This paper was converted on www.awesomepapers.org from LaTeX by an anonymous user.
Want to know more? Visit the Converter page.

Tree DNN: A Deep Container Network

Brijraj Singh
Data Science
Sony Research India
brijraj.08@gmail.com &Swati Gupta
Department of Computer Science
JIIT, Noida, India
swatigupta.iitr@gmail.com &Mayukh Das
Microsoft Research, India
mayukhdas@microsoft.com
&Praveen Doreswamy Naidu
On Device AI
Samsung Research Institute, Bangalore, India
praveen.dn@samsung.com &Sharan Kumar Allur
On Device AI
Samsung Research Institute, Bangalore, India
sharan.allur@samsung.com
Abstract

Multi-Task Learning (MTL) has shown its importance at user products for fast training, data efficiency, reduced overfitting etc. MTL achieves it by sharing the network parameters and training a network for multiple tasks simultaneously. However, MTL does not provide the solution, if each task needs training from a different dataset. In order to solve the stated problem, we have proposed an architecture named TreeDNN along with it’s training methodology. TreeDNN helps in training the model with multiple datasets simultaneously, where each branch of the tree may need a different training dataset. We have shown in the results that TreeDNN provides competitive performance with the advantage of reduced ROM requirement for parameter storage and increased responsiveness of the system by loading only specific branch at inference time.

1 Introduction

Multitask learning (MTL) has proved its importance by facilitating the execution of multiple tasks with just one DNN (Deep Neural Network) model (Sandler et al., (2018)). MTL is achieved by exploiting the generalized features extracted from the back-bone module of the model where each task is differentiated at the last layers of the DNN network. In general, MTL works well if all the tasks are related to each other where generic features are exploited by the backbone layers and task-specific features are extracted with the help of classification layers as explained by Lu et al., (2022).
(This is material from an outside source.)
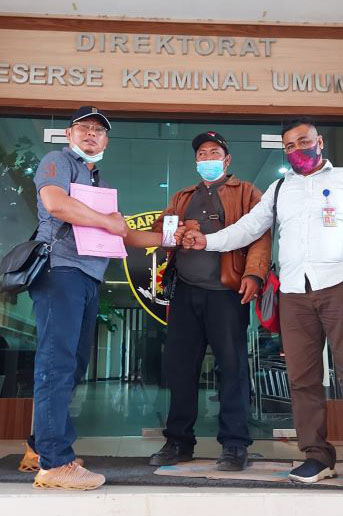 Tidak Terima Pekerjaan Proyek Turap Diberitakan, OTK Melakukan Pengancaman, Ridwan Sinaga, S.H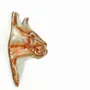 Accessoires de déco extérieure - Portrait de chat à accrocher au mur - SABMULLER CERAMICS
In many commercial systems, it is often required to load multiple DNN models on working memory to perform sequential tasks. Application of camera models in mobile phones is one of the use-cases, where a user first goes with the basic camera and then switches among multiple options like night-mode, selfie, depth, sports, food, make-up etc. All categories of cameras use their respective DNN models for their corresponding tasks. A point to notice here is that, in general, all tasks are mutually exclusive and only one is performed at a time. As either a camera will work for the portrait features or it will work for night mode. As functional requirements are different hence, the training to their corresponding DNN model needs to be different as well. Therefore, an input sample should be plugged-in each DNN model exclusively unlike a typical MTL where same input is considered for multiple tasks.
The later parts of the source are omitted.